Après la chaleur écrasante, le retour du frais. Quel bonheur ! Je suis dehors en manches courtes, le vent souffle sa douce brise rafraichissante et je savoure la sensation de frais, c’est si agréable d’avoir froid après avoir eu si chaud. Le soir, quand l’air frais arrive sur la terrasse, que la peau se couvre de frissons, quelle sensation délicieuse. Nous avons profité de ces jours plus frais pour rafraichir la maison qui était pas mal montée en température. Et puis là, depuis hier, le chaud revient. Mais les nuits sont très agréables, cela fait du bien. Par contre, au final la chaleur n’est pas le pire, le pire c’est le manque d’eau et ses conséquences sur la nature. 

Terrorisée 

Cette année la forêt souffre, on ne peut pas ne pas le voir. Partout dans le Morvan les arbres manquent d’eau et notamment ceux en bordure. Combien de bouleaux, de chênes et de frênes ai je vu pratiquement desséchés avec des feuilles qui sont déjà marrons. L’année dernière, ce phénomène était apparu à la fin aout, donc il y avait l’espoir du l’automne et de son temps plus pluvieux. Mais là cela arrive au tout début de l’été. Une catastrophe non ? Et là, la tristesse est si présente. Car on ne rien faire, en tout cas il est impossible de les arroser tous. Et puis, il faut bien que les arbres s’adaptent au réchauffement. Mais cela signifie et nous commençons à le voir que la plupart des espèces présentent ici vont disparaitre dans les 20 prochaines années. Et cela me fend le coeur. 

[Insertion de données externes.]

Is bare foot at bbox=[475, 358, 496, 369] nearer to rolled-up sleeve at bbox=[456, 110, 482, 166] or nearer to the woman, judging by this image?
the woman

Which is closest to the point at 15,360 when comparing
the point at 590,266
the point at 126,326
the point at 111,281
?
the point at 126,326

Cela est connu bien sur mais quand on le vit, quand on l’observe de ses propres yeux, quand on ressent cette sécheresse à l’intérieur, c’est difficile, car la nature souffre et nous aussi peut être. Je ne suis pas souvent pessimiste car je préfère aller de l’avant, voir les problèmes et petit à petit avec de la détente, pouvoir entrevoir les solutions. Mais là cette fois, l’abattement est là quand même. Alors peut être le coucher sur le papier est une étape supplémentaire. 

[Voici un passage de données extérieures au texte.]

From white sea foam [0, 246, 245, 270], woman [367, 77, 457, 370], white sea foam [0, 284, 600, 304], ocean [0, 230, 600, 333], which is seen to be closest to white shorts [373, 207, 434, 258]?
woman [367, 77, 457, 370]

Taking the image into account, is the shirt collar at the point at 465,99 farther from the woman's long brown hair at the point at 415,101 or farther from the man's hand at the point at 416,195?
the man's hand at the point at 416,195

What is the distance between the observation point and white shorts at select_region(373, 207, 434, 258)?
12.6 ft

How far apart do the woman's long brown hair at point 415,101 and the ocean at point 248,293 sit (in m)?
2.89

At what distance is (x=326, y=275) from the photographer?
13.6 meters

Et comme toujours, après l’abattement, vient l’action. Cela me donne envie d’approfondir mon art pour pouvoir témoigner de cela. D’ailleurs cette année, j’ai dévoilé les utopies et la première était sur le bouleau. Je vais les poursuivre pour sensibiliser aux dangers qui pèsent sur les espèces de la forêt. Car pour le bouleau, ce qui m’avait le plus frappé c’est qu’en plus d’être un pionnier de la forêt, il était très sensible au réchauffement et cette année, nous pouvons voir nombre de ces arbres souffrir.